Right now, research findings need only be true in white people to become the new paradigm that applies to all people. A drug only has to work in white people in order to get approved, and then prescribed to people of all races. That’s rationing on the basis of race, and in my opinion it stinks worse, because it is not just frustrating and sad, it is also unjust.
The pervasive failure to examine race effects in research, and the failure to prioritize the investigation of race effects in health, is a research-specific manifestation of colorblind racism.
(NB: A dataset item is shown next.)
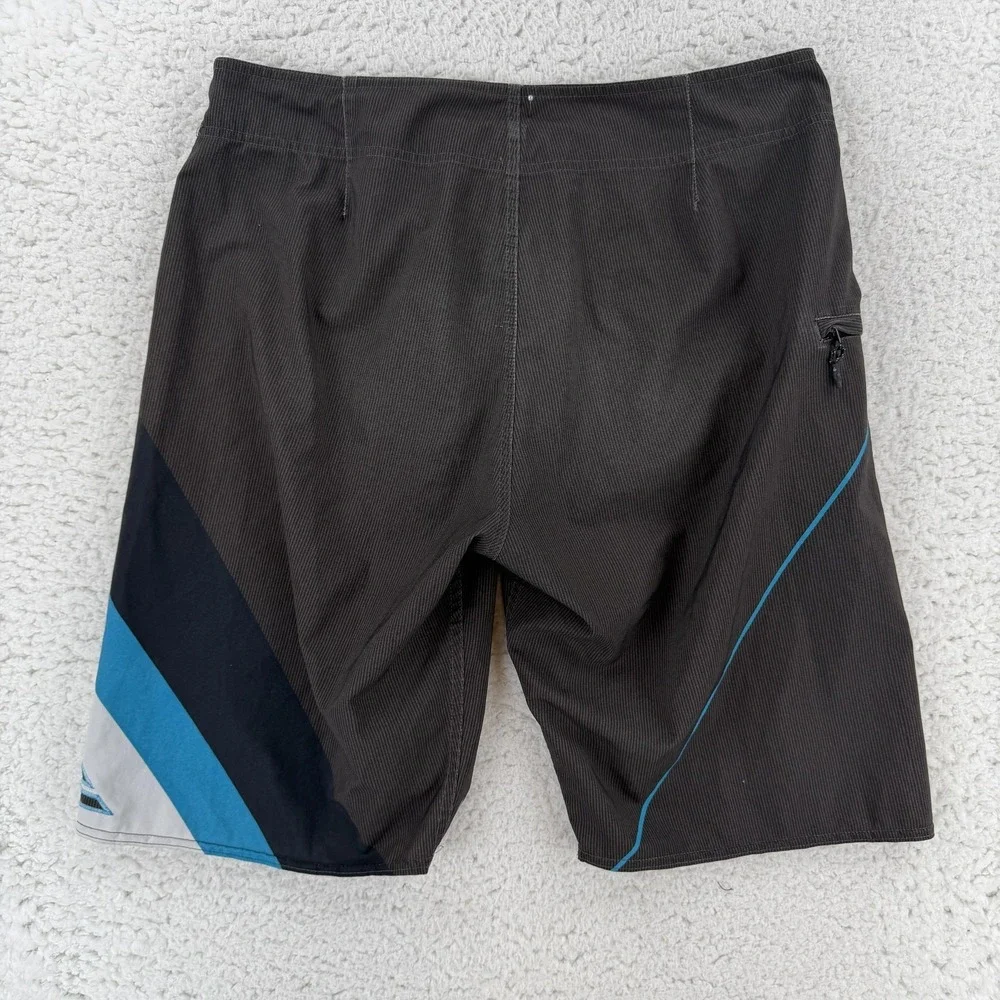 Quiksilver Board Shorts Mens‎ 33 Gray Pinstripe Surf Swim Trunks Graphic Y2K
Researchers who take the Misguided Approach aren’t intentionally setting out to commit discrimination. They’d probably be the first to tell you that using an all-white population is wrong–after all, they’re working with data on studies that actually recruited a racially diverse sample. But choosing an analytic approach that fails to “see” race produces research that still leaves people of color underserved.
So, here is your action plan when evaluating human subjects research:
- What is the proportion of men and women, or whites and non-whites? Did they classify race and/or ethnicity in a useful way?
- Did the investigators look for evidence that the effect they are studying is different in men and women, or different in whites and non-whites? If you see a sentence that says something like “there was no evidence of effect modification by race,” that means that they looked, and it turned out the effect really was the same regardless of race. In which case controlling/adjusting for race is Astute. If they forgot to check that assumption, it is Misguided.
- Are women of color being lumped in with men of color or with white women?
Go forth and critique. This is one area of social justice with a comparatively simple solution. Let’s demand it.